* [DATA SUPPLIED]:
::::
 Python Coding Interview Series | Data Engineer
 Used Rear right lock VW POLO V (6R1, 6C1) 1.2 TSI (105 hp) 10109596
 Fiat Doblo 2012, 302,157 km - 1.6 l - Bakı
::::
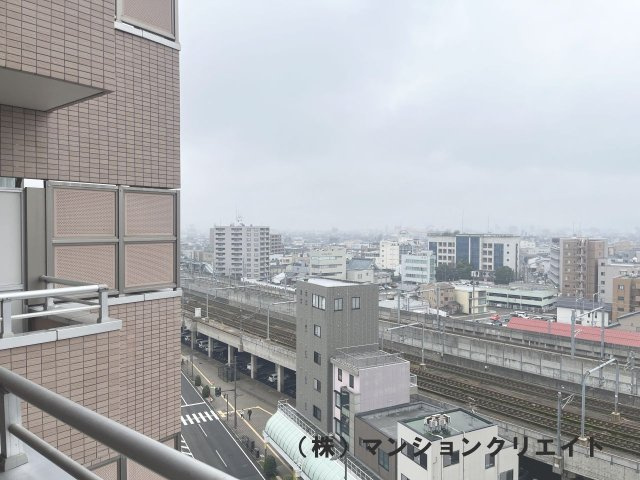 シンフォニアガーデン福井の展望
::::
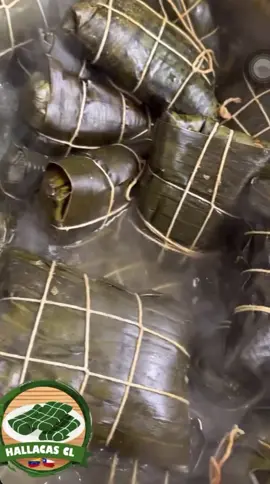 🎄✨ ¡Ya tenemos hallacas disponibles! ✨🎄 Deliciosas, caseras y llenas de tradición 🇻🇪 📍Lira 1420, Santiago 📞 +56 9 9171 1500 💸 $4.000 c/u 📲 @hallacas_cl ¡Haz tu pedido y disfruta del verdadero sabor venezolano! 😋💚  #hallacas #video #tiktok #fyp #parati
::::
* [WHAT YOU ARE ASKED TO DO]:
Nothing should appear in the answer except the lines above from the line with "Python Coding Interview" through the line with "Fiat Doblo 2012, 302,157 km - 1.6 l - Bakı", both included, written out exactly.

* [ANSWER BOX]:
 Python Coding Interview Series | Data Engineer
 Used Rear right lock VW POLO V (6R1, 6C1) 1.2 TSI (105 hp) 10109596
 Fiat Doblo 2012, 302,157 km - 1.6 l - Bakı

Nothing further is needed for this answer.